%%
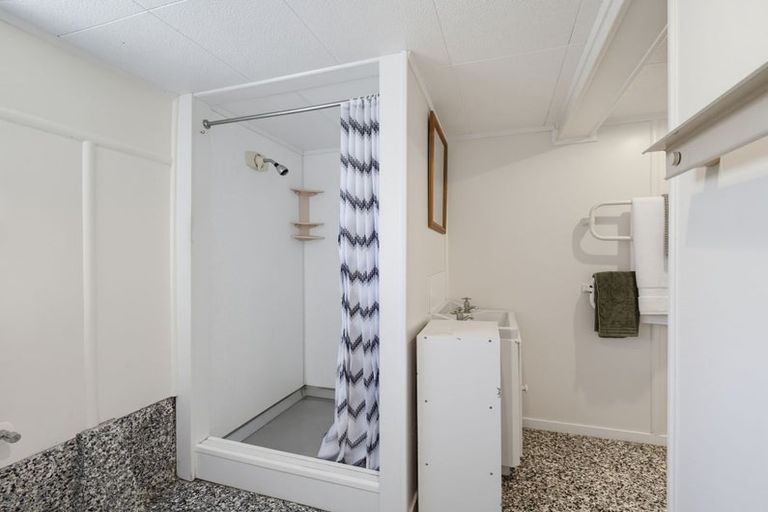 Photo of property in 281 Pohutukawa Avenue, Ohope, 3121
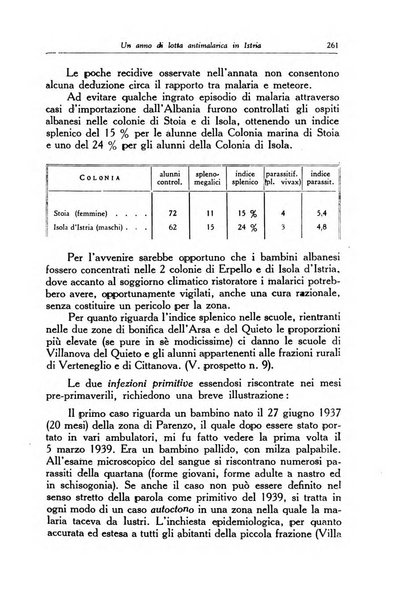 La mutualita rurale fascista rivista mensile della Federazione fascista mutue di malattia per i lavoratori agricoli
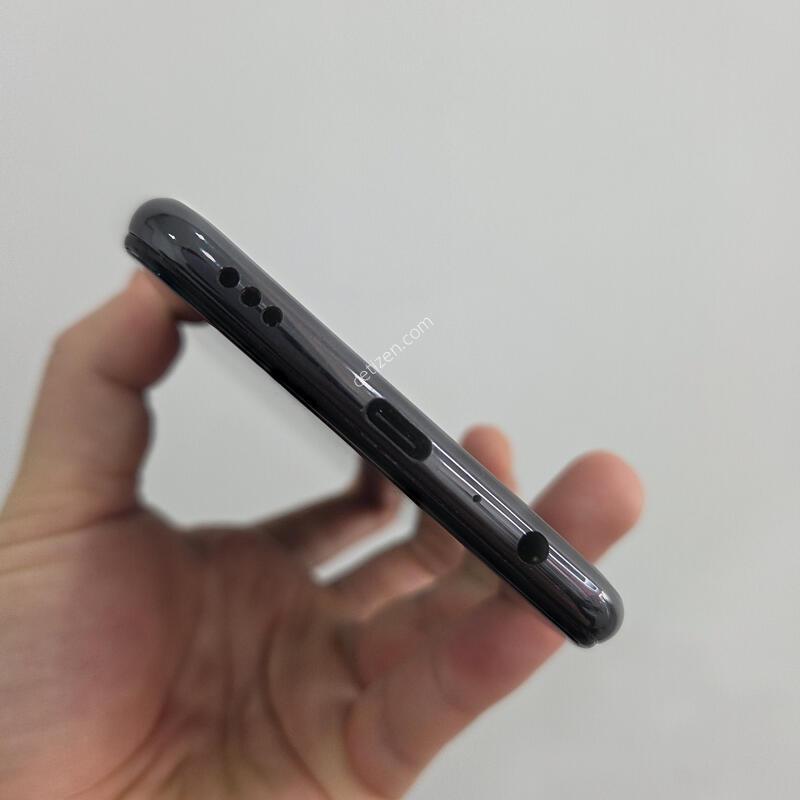 LG Q51 32GB ����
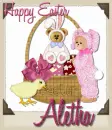 Aletha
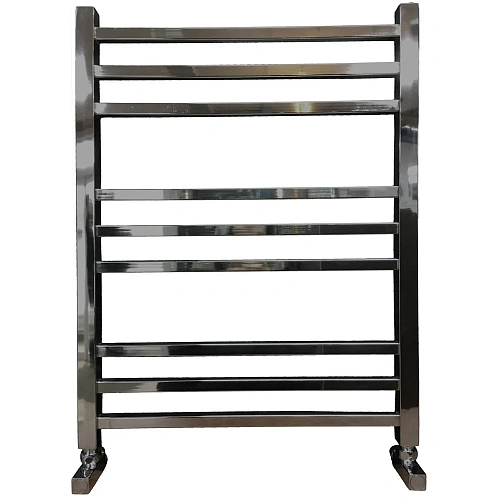 Полотенцесушитель водяной Ника MODERN ЛМ-5 80/60 с вентилями (комплект люкс) Полотенцесушитель водяной Ника MODERN ЛМ-5 80/60 с вентилями (комплект люкс)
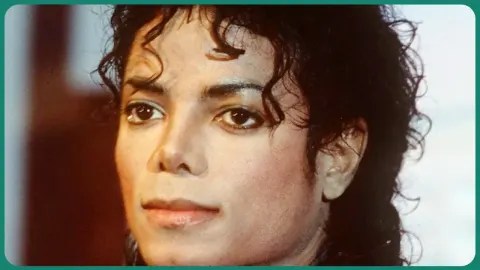 Michael Jackson's Inner Circle Reveals the Truth Behind the Controversy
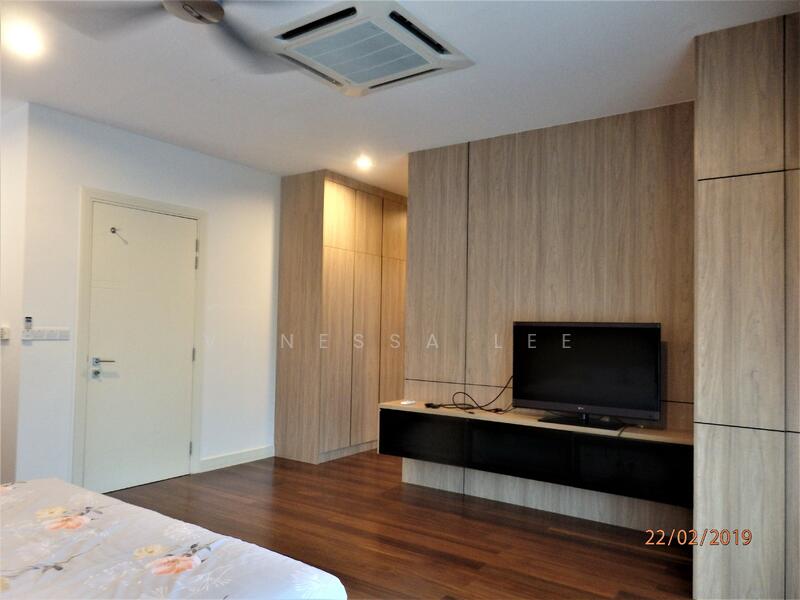 Bungalow for Sale in Petaling Jaya (Selangor) - Vanessa Lee - PropertyGuru.com.my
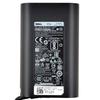 Dell Original Type-C Laptop Power Adapter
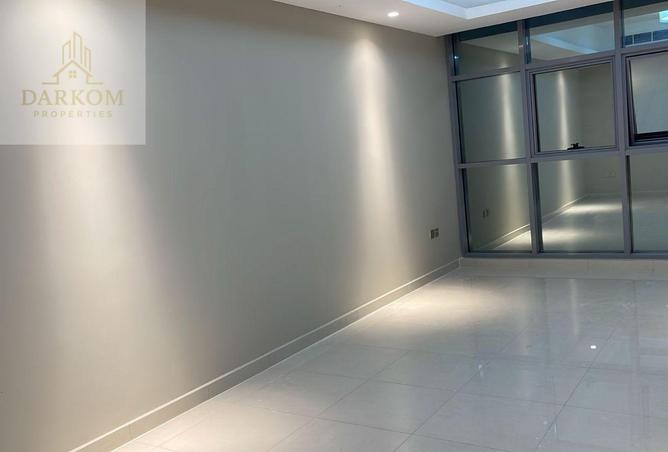 15467322 - Property Main Image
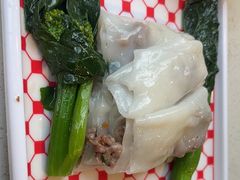 -明腾壹间茶餐厅(新都会花园广场店)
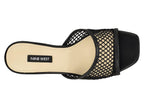 Nine West Cabana Sandal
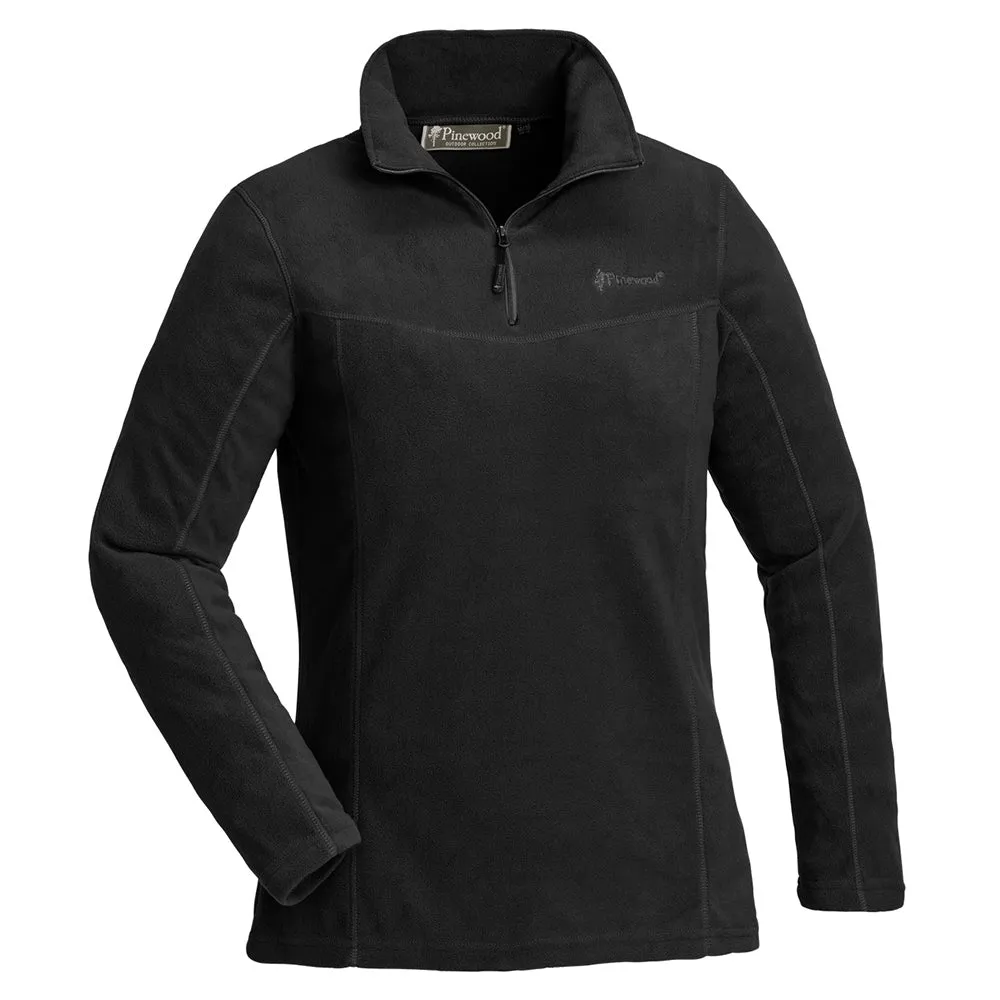 Pinewood -  Sweater Tiveden Fleece Frauen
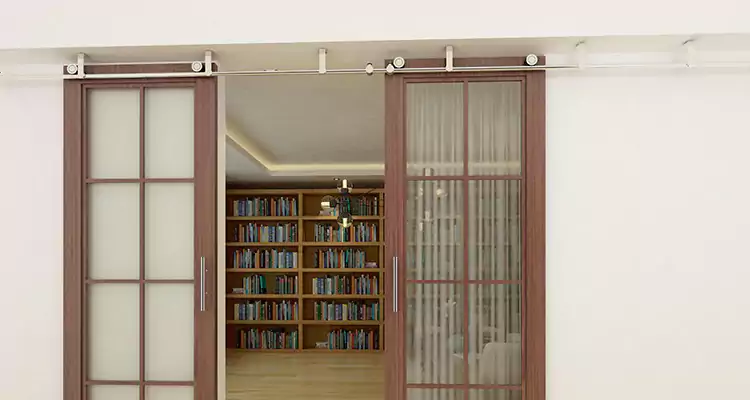 Why Choose Us for Sliding Backyard Door Repair in Cooper City, FL?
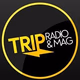Logo de Trip Radio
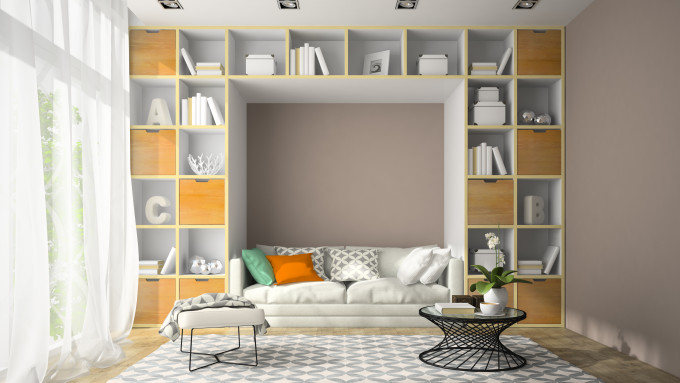 [object Object] undefined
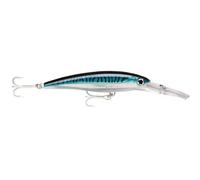 Floating lure Rapala x-rap® magnum® 14cm Blue 14 cm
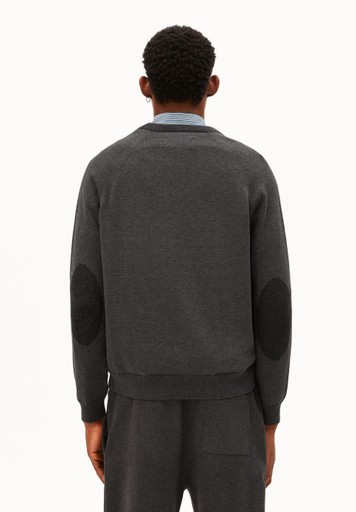 Pullover von Armedangels
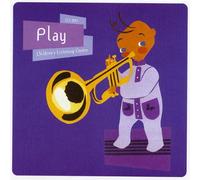 Various Artists - Children's Learning Centre: Play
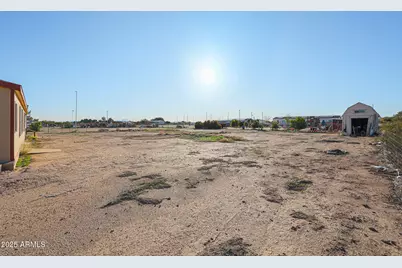 3502 S 335th Avenue, Tonopah, AZ 85354 - Photo 32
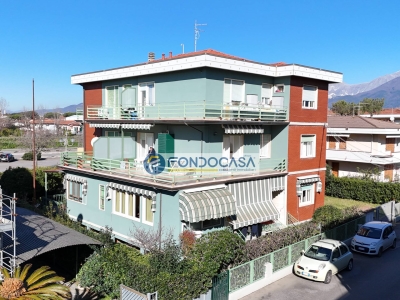 immagine annuncio 2 di 9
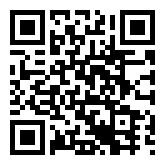 http://www.07rj.cn/post/87755.html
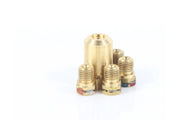 GE Range LP / NG Conversion Kits WB49X26658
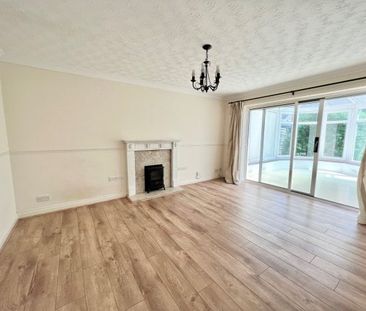 Norfolk Road, Ely - Photo 1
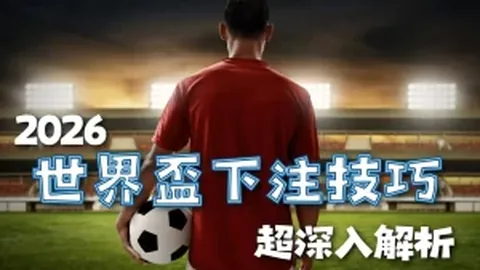 银发族健身房大揭秘：探索老年健康社交创新模式3-26 17：58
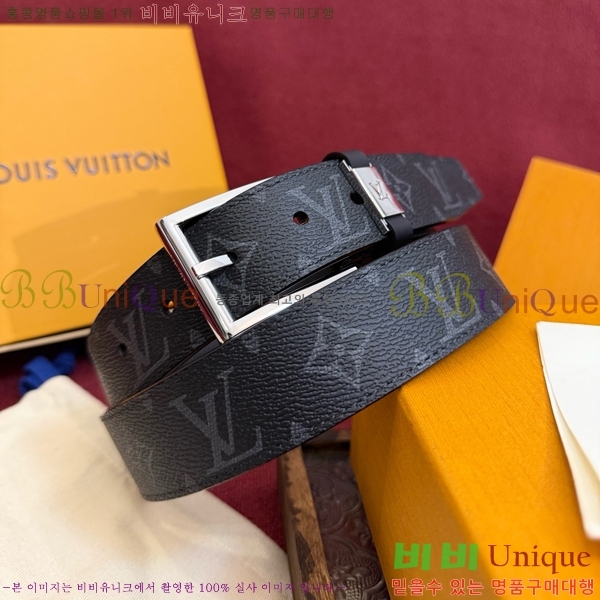 #���� ���̺��� ��Ʈ LV371432-4 ��3.5CM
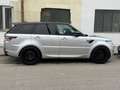 Land Rover Range Rover Sport 3,0 SDV6 HSE Black - thumbnail 3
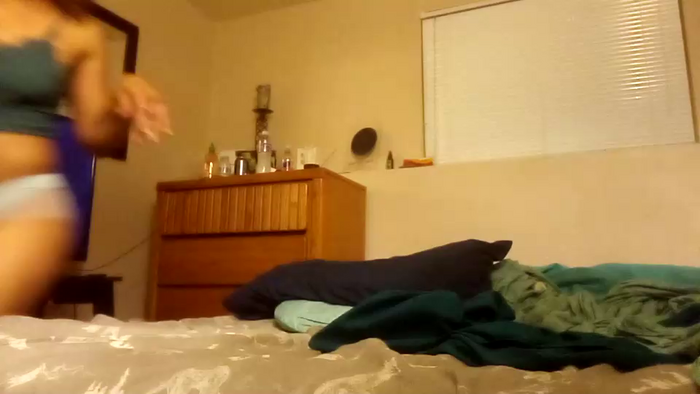 inkylc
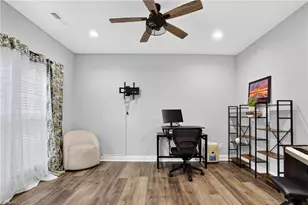 6605 Jockey Club Dr, Whitsett, NC 27377 - Photo 30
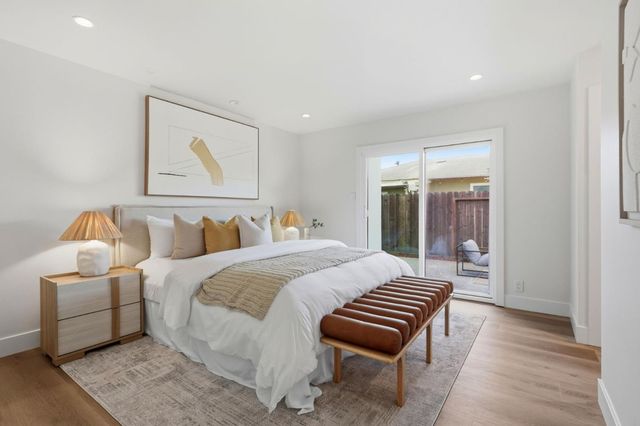 3750 Elston Drive, San Bruno, CA 94066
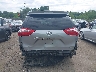 5TDDK3DC3GS****** Wrecked 2016 Toyota Sienna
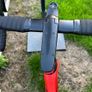 Giant, Propel Advanced D Neo Image 10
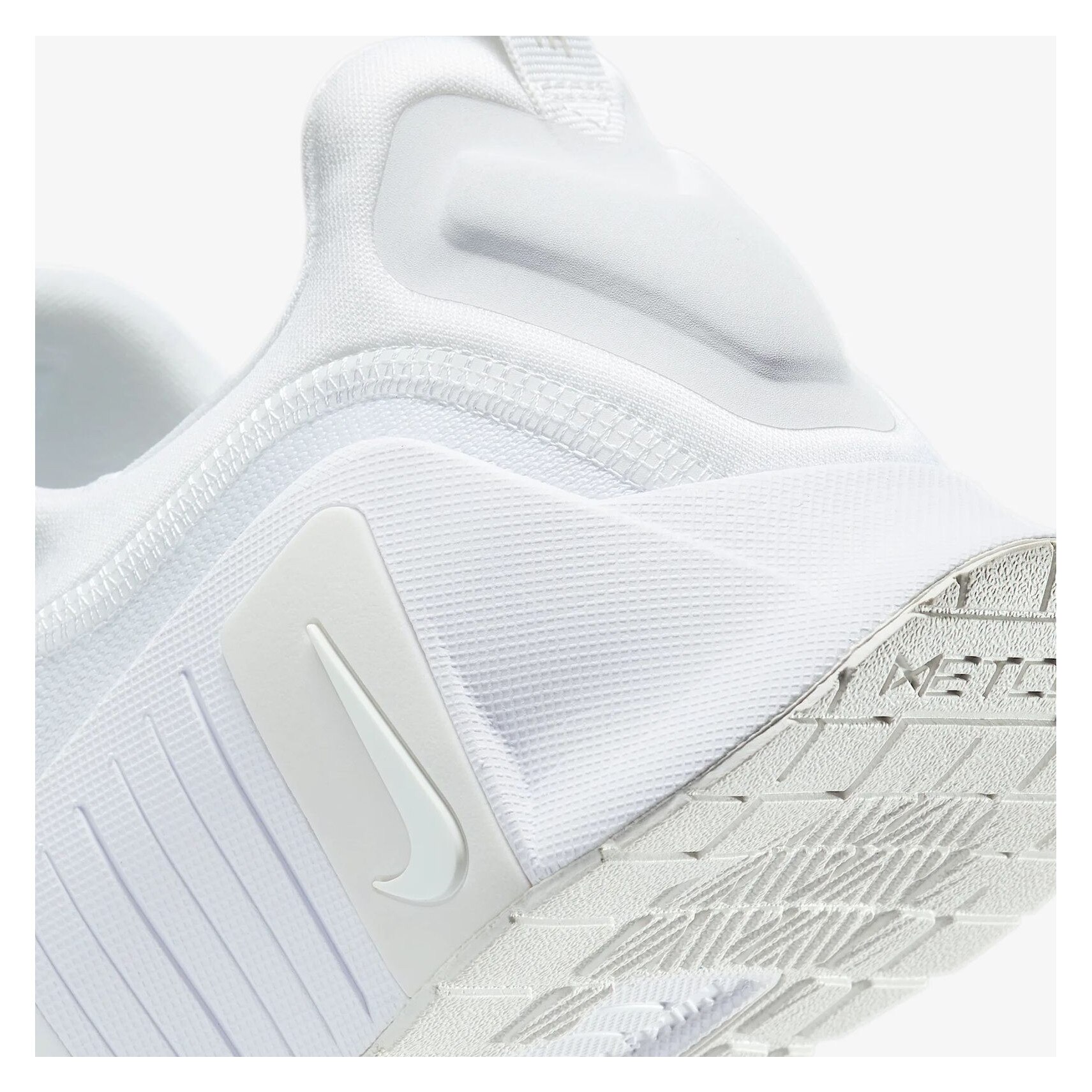 nike metcon viking quest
%%
Every line from the one with "LG Q51 32GB ����" through the one with "Bungalow for Sale" is to be reproduced exactly as written above, and the pictures are to be dropped.

 LG Q51 32GB ����
 Aletha
 Полотенцесушитель водяной Ника MODERN ЛМ-5 80/60 с вентилями (комплект люкс) Полотенцесушитель водяной Ника MODERN ЛМ-5 80/60 с вентилями (комплект люкс)
 Michael Jackson's Inner Circle Reveals the Truth Behind the Controversy
 Bungalow for Sale in Petaling Jaya (Selangor) - Vanessa Lee - PropertyGuru.com.my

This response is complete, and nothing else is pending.